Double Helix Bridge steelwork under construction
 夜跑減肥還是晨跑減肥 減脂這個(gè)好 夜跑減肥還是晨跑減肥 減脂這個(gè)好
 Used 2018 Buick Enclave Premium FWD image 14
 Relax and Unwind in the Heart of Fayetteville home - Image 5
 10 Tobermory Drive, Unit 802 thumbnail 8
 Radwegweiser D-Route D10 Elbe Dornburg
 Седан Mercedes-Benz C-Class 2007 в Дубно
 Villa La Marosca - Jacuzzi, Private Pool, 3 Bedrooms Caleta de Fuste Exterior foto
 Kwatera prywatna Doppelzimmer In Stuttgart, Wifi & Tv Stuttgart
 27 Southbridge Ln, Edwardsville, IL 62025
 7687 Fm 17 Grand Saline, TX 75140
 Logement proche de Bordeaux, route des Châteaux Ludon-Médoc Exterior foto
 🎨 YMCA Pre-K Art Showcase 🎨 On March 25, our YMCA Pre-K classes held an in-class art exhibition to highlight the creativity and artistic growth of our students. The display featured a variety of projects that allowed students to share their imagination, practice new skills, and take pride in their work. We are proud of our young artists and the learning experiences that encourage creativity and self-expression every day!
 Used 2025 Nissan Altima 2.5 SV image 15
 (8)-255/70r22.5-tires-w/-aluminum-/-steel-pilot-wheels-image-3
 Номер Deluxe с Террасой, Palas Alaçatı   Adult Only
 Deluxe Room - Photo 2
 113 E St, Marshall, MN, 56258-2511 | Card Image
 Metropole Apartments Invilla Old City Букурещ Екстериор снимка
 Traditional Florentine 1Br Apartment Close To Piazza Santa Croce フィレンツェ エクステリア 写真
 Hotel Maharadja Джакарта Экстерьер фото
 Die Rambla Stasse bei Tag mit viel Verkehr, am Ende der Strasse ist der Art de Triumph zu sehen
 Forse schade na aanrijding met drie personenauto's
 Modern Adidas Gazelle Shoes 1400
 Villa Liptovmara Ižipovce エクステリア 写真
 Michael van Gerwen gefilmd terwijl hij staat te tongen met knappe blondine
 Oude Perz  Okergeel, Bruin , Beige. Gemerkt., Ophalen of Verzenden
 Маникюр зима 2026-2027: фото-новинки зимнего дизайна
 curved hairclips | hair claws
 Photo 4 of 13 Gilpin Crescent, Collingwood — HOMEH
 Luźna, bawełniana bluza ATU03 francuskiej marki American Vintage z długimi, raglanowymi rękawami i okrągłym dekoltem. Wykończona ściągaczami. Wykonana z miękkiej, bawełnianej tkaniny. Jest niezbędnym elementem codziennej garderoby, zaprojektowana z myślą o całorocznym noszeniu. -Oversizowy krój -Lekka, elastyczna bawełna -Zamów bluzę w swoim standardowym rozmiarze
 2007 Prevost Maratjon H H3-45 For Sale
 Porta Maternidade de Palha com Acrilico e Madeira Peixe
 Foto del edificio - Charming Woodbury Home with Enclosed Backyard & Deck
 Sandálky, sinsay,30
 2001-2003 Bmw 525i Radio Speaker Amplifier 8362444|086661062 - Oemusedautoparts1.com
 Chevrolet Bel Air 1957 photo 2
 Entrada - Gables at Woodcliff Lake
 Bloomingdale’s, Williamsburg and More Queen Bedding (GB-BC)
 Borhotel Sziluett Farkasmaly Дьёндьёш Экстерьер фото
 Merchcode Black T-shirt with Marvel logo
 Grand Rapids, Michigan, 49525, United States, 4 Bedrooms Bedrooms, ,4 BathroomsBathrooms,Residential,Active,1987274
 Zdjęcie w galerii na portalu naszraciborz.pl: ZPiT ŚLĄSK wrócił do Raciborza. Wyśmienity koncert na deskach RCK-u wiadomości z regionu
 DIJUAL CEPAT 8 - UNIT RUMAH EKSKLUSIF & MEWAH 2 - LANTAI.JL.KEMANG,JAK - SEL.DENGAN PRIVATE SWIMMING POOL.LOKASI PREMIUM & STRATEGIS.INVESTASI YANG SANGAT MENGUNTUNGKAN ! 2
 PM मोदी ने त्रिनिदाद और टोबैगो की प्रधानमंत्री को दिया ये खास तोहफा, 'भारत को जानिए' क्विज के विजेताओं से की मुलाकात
□ □ □
▶ **Required action**: Every line in the listing above that mentions "фото" should be returned.

▶ **Answer to the problem**:
 Hotel Maharadja Джакарта Экстерьер фото
 Маникюр зима 2026-2027: фото-новинки зимнего дизайна
 Borhotel Sziluett Farkasmaly Дьёндьёш Экстерьер фото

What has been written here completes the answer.